Part of the Windrush generation, Morris and his mother immigrated from Jamaica to Britain in the early 1960s. He was given his first camera at the age of 8 and became around his East End neighbourhood as Mad Dennis, due to his preference for photography over football. After inadvertently stumbling across a demonstration by the PLO one Sunday, savvy young Dennis snapped the march then took his photos to a photo agency on Fleet Street which promptly sold it to the Daily Mirror for £16. He was just 11 years old!

He had made pocket money by taking photos of christenings and birthday parties but now he realised it could pay. He rigged up a studio in his flat (which consisted of hanging a sheet up on the wall) and started doing portraits of the community.
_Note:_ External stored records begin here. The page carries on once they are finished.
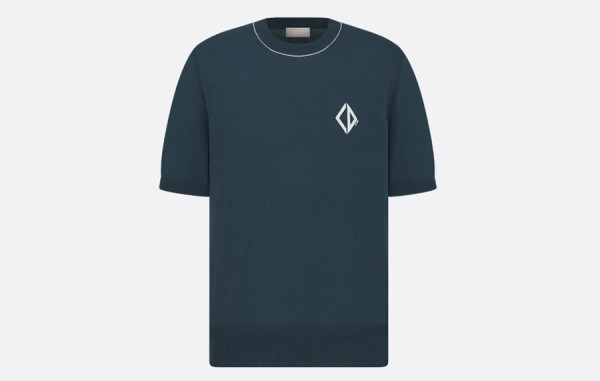 D올 CD Diamond 콘트라스트 니트 반팔 티셔츠 (PREMIUM)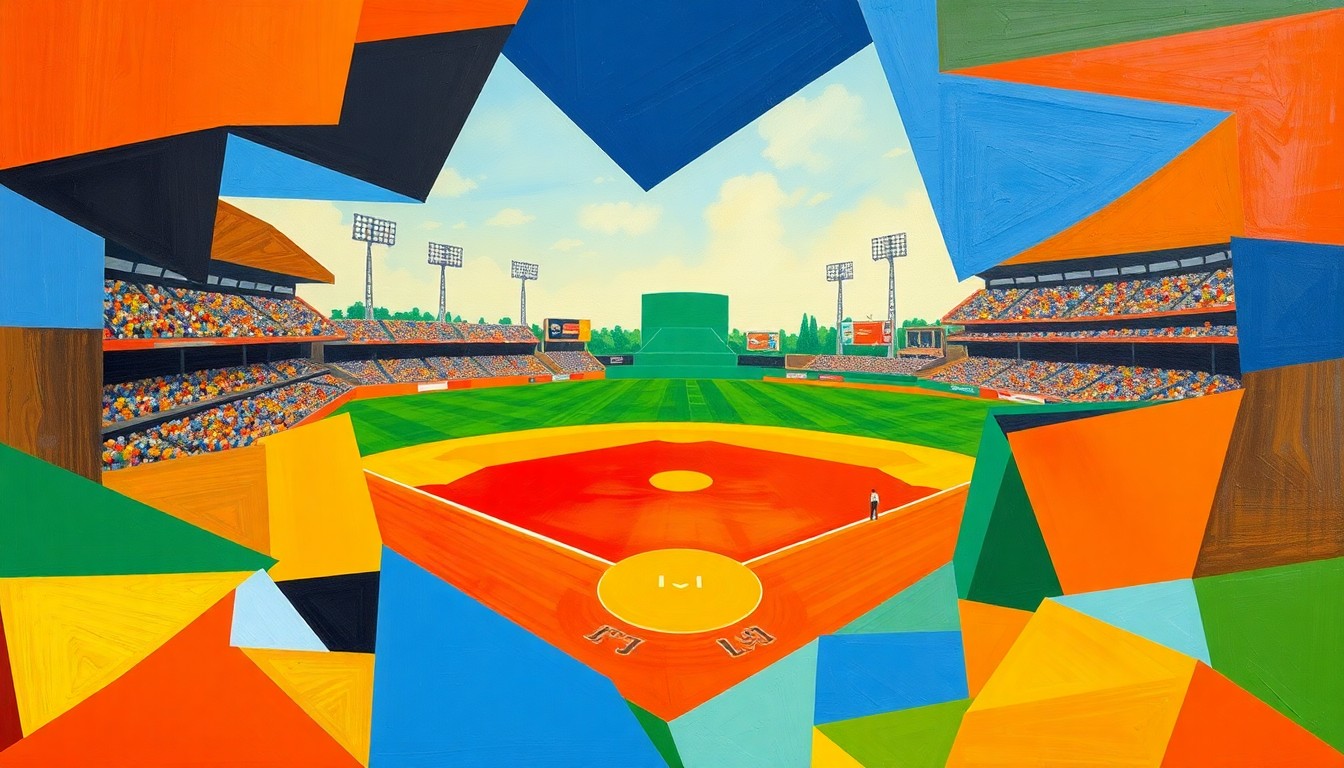 A fragmented, abstract painting depicting a baseball game scene broken down into sharp, overlapping geometric shapes and planes of color, conceptually representing the dangers of foul balls in the sport.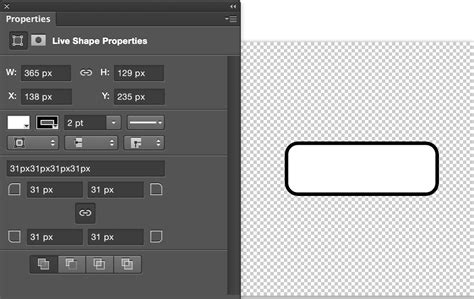 Photoshop canvas showing a rounded rectangle being drawn over a photo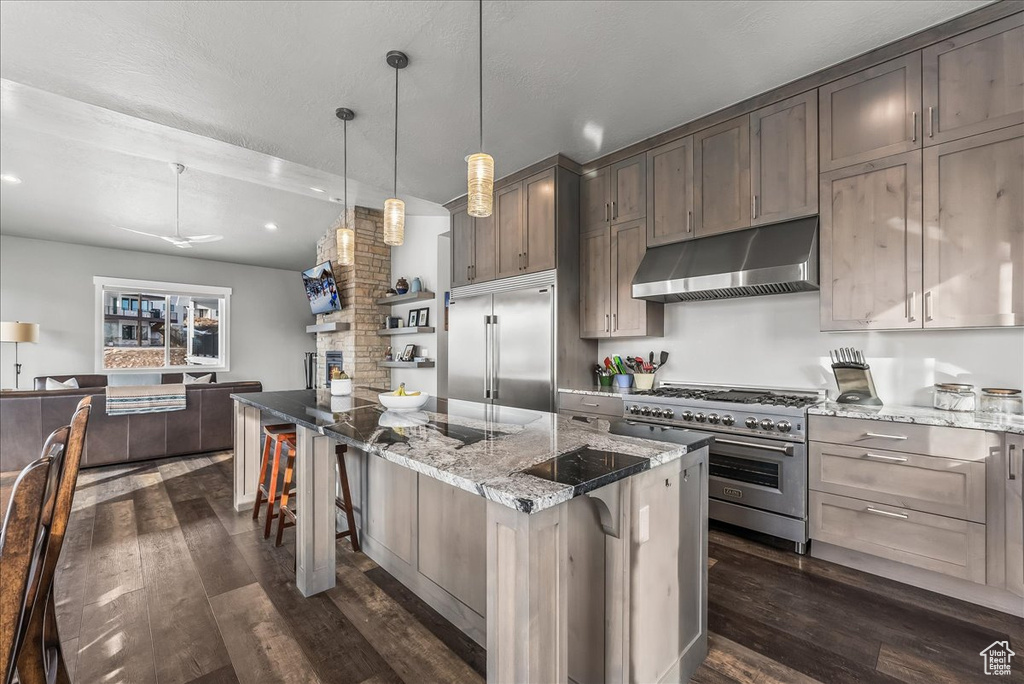 Kitchen with premium appliances, dark hardwood / wood-style floors, light stone countertops, and a center island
There are ten or so of these really early portraits here and they show both his commitment but juvenile technique – subjects are a bit out of focus or not properly framed.

But he was soon branching out into street photography in the style of the great photographers he read about in photography magazines, men like Robert Capa, Henri Cartier-Bresson and Don McCullin.

This evolved into the project titled ‘Growing Up Black’, which includes Black immigrants in a variety of activities, shopping, cooking, kids on the street, dressing up, singing in a choir, licking a lolly – as well as the underground sound system culture strongly connected with reggae, and shots of the Black House in north London run by the controversial Michael X as a hostel for disaffected Black youth.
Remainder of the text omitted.